Thus, in 2011, Dr. Kuldell founded the BioBuilder Educational Foundation, a nonprofit to support open-source, free curricula that blend life science and engineering models to bring hands-on STEM experiences to classrooms from middle school through the college level. As Dr. Kuldell worked with Boston-area teachers to implement BioBuilder, some of the teachers were recruited to develop more engineering-based curriculum to teach evolution to high schoolers.

“The way we have been teaching evolution requires students to take a leap of faith and believe in something that happened in the past and to see evidence for evolution now,” says Dr. Kuldell. “We wanted to build a system that students could understand now and then watch it evolve. In this way, we hoped they could draw conclusions on evolution based not on what we’re asking them to believe happened in the past, but based on what they have observed as a system that they built.”

The TLIG will aid Dr. Kuldell to further develop this curriculum. She is engaging with local educators as partners in this development, much in the same way that the WW Academy is working with local school districts. The design-thinking model used by the WW Academy and reinforced by the collaboration with MIT is evident in the grant project. By involving teachers from the very beginning, not only will the evolution curriculum be informed by the realities of the classroom, but it gives the teachers a great deal of ownership over what is being built.

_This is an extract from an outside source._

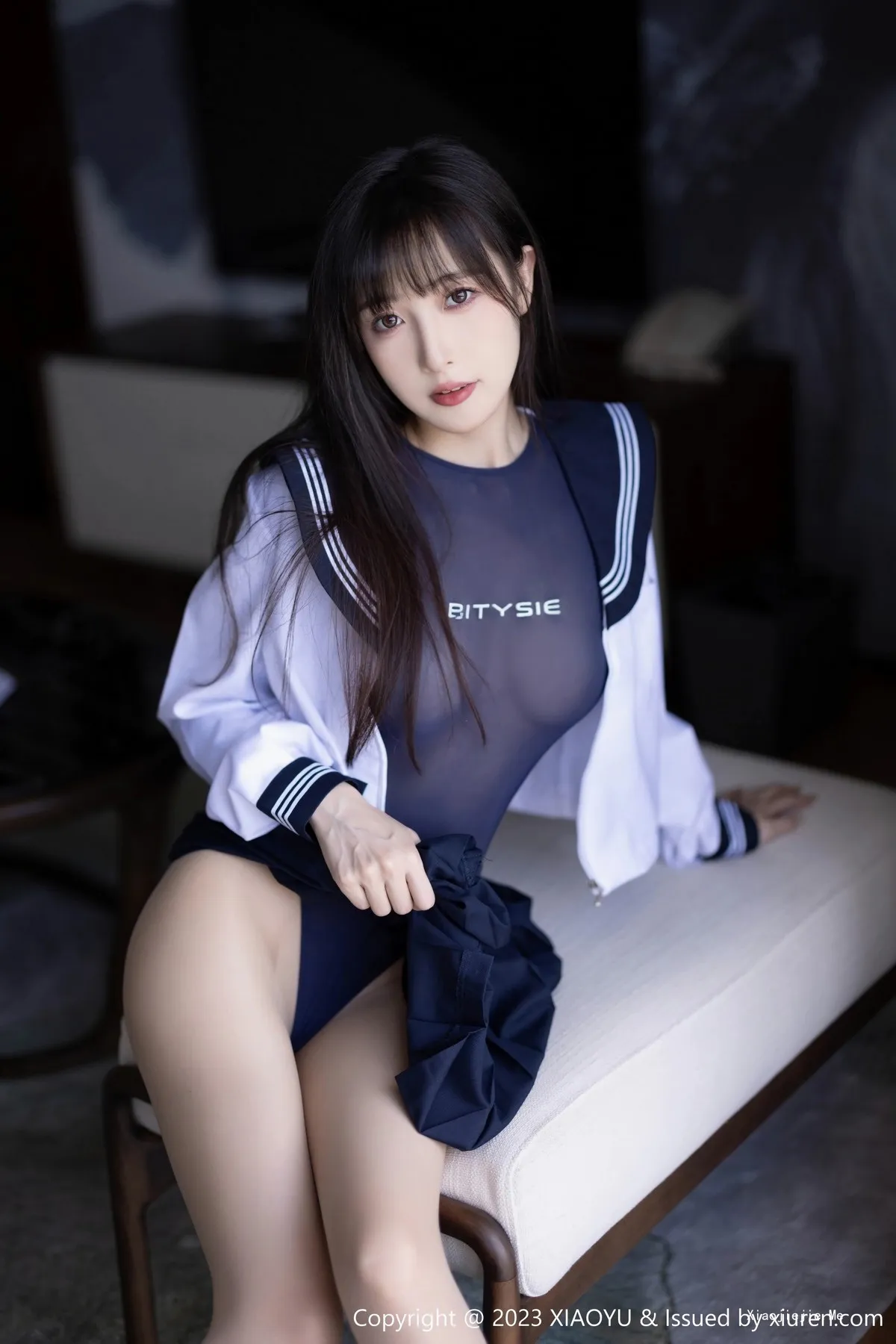 图片[34]-[XiaoYu画语界]Vol.1045_模特林星阑脱学妹制服露性感蓝色薄纱高叉连体衣惹火诱惑写真96P-blog.zhu.ee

“It’s not only curriculum development,” says Dr. Kuldell. “It is also professional development for the teachers in a very meaningful way… they’re excited to be developing the curriculum. I think it is invigorating for them to be engaging at an intellectual level with curriculum development and realizing their potential in those ways.”

These sorts of partnerships and collaborations are at the very core of the WW Academy program. “I think some of the work that the Academy is focused on is this development of expert and wonderful teachers,” says Dr. Kuldell. “So I think that the overlap [between the Academy and BioBuilder] is this notion that we can not just empower teachers to be agents for delivery of information, but actually engage them as partners in education and education reform.”

The WW Academy team is including a wide range of perspectives in its design that includes the inaugural Design Fellows, teachers, as well as staff and faculty at MIT. “I think it’s really important that we reconsider the fundamental questions around teaching,” says Dr. Kuldell. “The Academy is doing that, and I am trying to do that.”

The 2017 grantees include research that is focused on the application of learning sciences to teaching math, the use of technology to demonstrate students’ thinking, and the use of maker-space projects for STEM subjects.